The structure of the new list should look the same like the initial list:

# str(my_list)
List of 1
 $ a:List of 3
  ..$ :List of 3
  .. ..$ aaa: int [1:3] 1 2 3
  .. ..$ aab: int [1:3] 4 5 6
  .. ..$ aac: int [1:3] 7 8 9
  ..$ :List of 2
  .. ..$ aab: int [1:3] 13 14 15
  .. ..$ aac: int [1:3] 16 17 18
  ..$ :List of 3
  .. ..$ aaa: int [1:3] 19 20 21
  .. ..$ aab: int [1:3] 22 23 24
  .. ..$ aac: int [1:3] 25 26 27

# str(my_list1) is correct
List of 1
 $ a:List of 3
  ..$ :List of 3
  .. ..$ aaa: num 99
  .. ..$ aab: int [1:3] 4 5 6
  .. ..$ aac: int [1:3] 7 8 9
  ..$ :List of 2
  .. ..$ aab: int [1:3] 13 14 15
  .. ..$ aac: int [1:3] 16 17 18
  ..$ :List of 3
  .. ..$ aaa: num 99
  .. ..$ aab: int [1:3] 22 23 24
  .. ..$ aac: int [1:3] 25 26 27

# str(my_list2) or str (my_list3) is not correct
List of 2
 $ :List of 1
  ..$ a:List of 3
  .. ..$ :List of 3
  .. .. ..$ aaa: num 99
  .. .. ..$ aab: int [1:3] 4 5 6
  .. .. ..$ aac: int [1:3] 7 8 9
  .. ..$ :List of 2
  .. .. ..$ aab: int [1:3] 13 14 15
  .. .. ..$ aac: int [1:3] 16 17 18
  .. ..$ :List of 3
  .. .. ..$ aaa: int [1:3] 19 20 21
  .. .. ..$ aab: int [1:3] 22 23 24
  .. .. ..$ aac: int [1:3] 25 26 27
 $ :List of 1
  ..$ a:List of 3
  .. ..$ :List of 3
  .. .. ..$ aaa: int [1:3] 1 2 3
  .. .. ..$ aab: int [1:3] 4 5 6
  .. .. ..$ aac: int [1:3] 7 8 9
  .. ..$ :List of 2
  .. .. ..$ aab: int [1:3] 13 14 15
  .. .. ..$ aac: int [1:3] 16 17 18
  .. ..$ :List of 3
  .. .. ..$ aaa: num 99
  .. .. ..$ aab: int [1:3] 22 23 24
  .. .. ..$ aac: int [1:3] 25 26 27

有什么提示我哪里出错了吗?

Any hints where I go wrong with purrr?

推荐答案

一种方法是使用 map 并更改每个列表中的单个元素.

One way would be using map and change a single element in each list.

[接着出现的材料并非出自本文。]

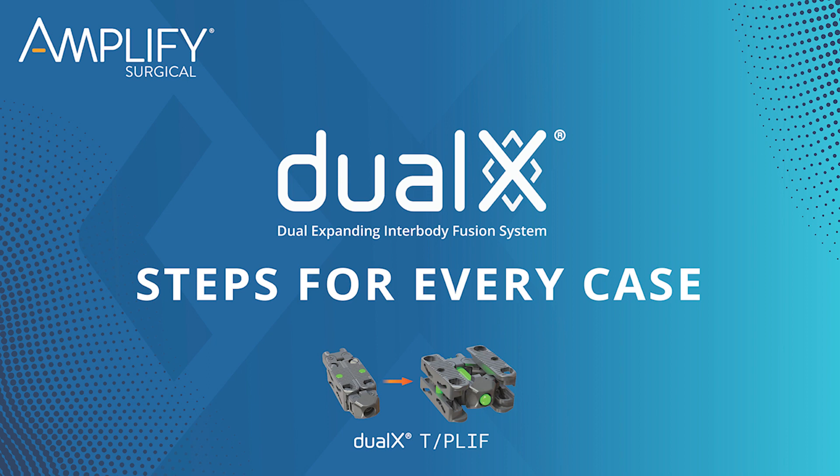Hello everybody, this is Dave Domenic, Training Manager here at Amplify Surgical. Today's video is going to be a quick reminder for those already familiar with the Dual X system on actions to enforce for every case.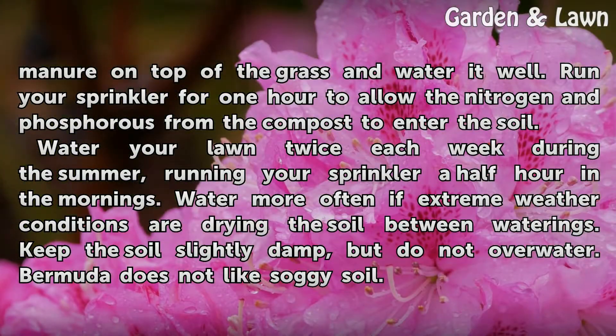Water your lawn twice each week during the summer, running your sprinkler for a half hour in the mornings. Water more often if extreme weather conditions are drying the soil between waterings. Keep the soil slightly damp, but do not overwater.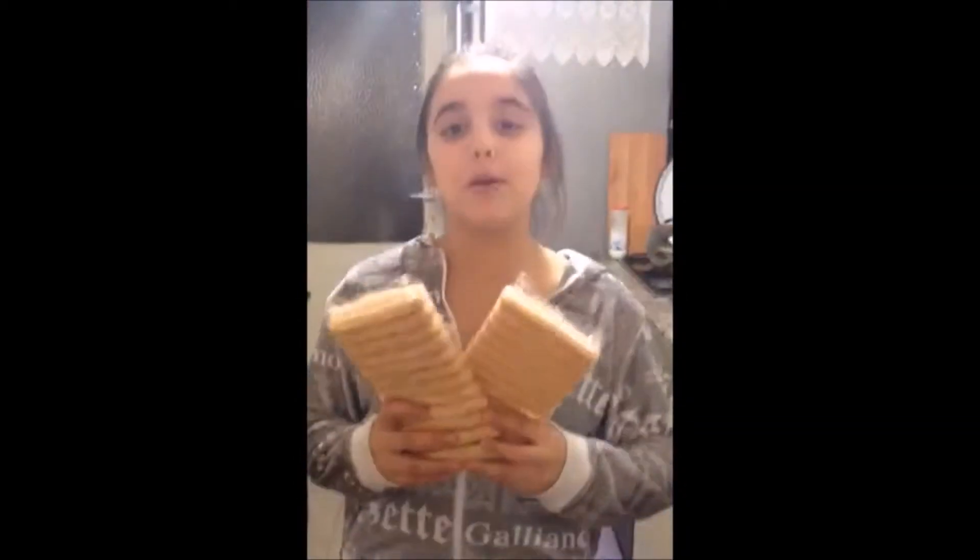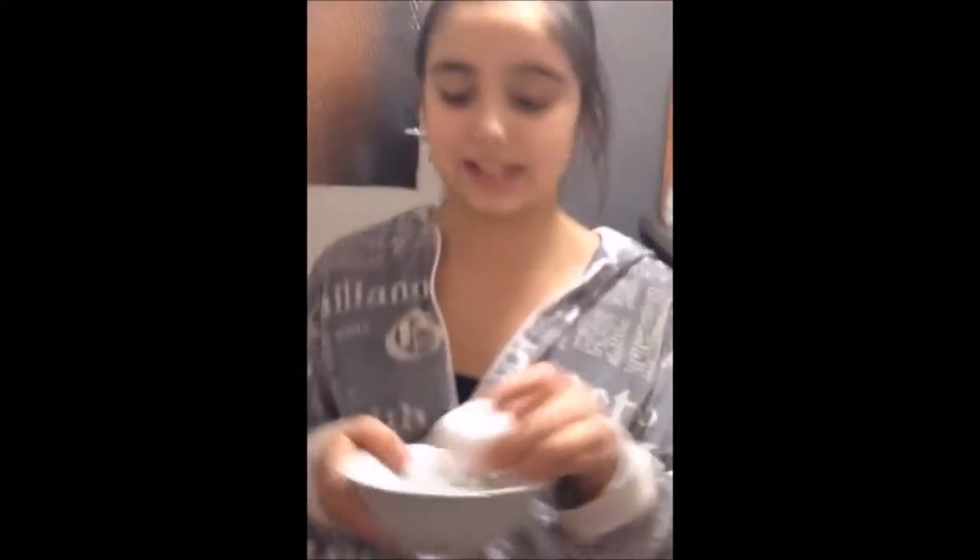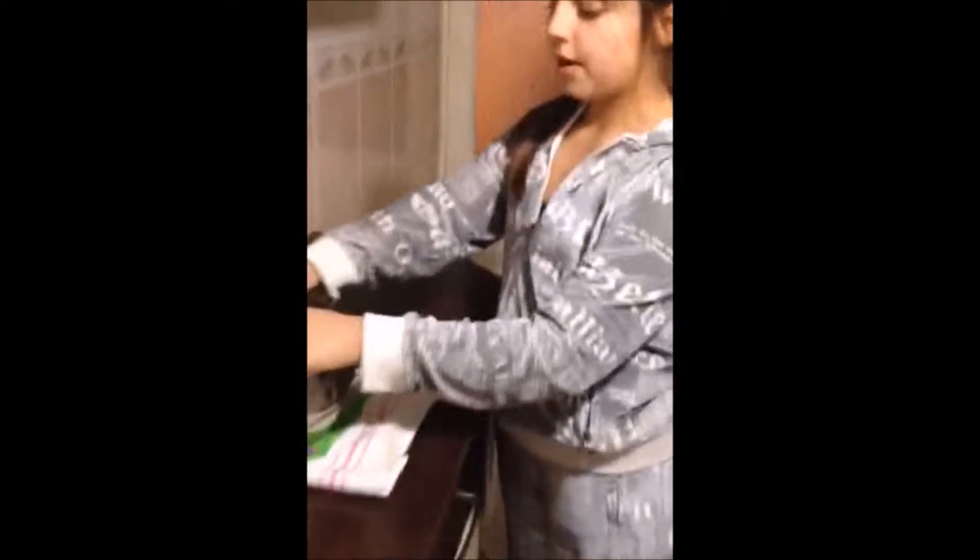Let's get started. 2 packets biscuit, 1 cup margarine, 1 cup flour, 1 cup sugar, 1 egg, and 6 cloves milk.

my_list[["a"]][x] <- purrr::map(my_list[["a"]][x], ~{.[["aaa"]] <- 99;.})


my_list
#$a
#$a[[1]]
#$a[[1]]$aaa
#[1] 99

#$a[[1]]$aab
#[1] 4 5 6

#$a[[1]]$aac
#[1] 7 8 9


#$a[[2]]
#$a[[2]]$aaa
#[1] 99

#$a[[2]]$aab
#[1] 13 14 15

#$a[[2]]$aac
#[1] 16 17 18
#......

这与在基础 R 中使用 lapply 相同

which is same as using lapply in base R

my_list[["a"]][x] <- lapply(my_list[["a"]][x], function(x) {x[["aaa"]] <- 99;x})

这篇关于如何通过 purrr 替换修改 for 循环的文章就介绍到这了，希望我们推荐的答案对大家有所帮助，也希望大家多多支持IT屋！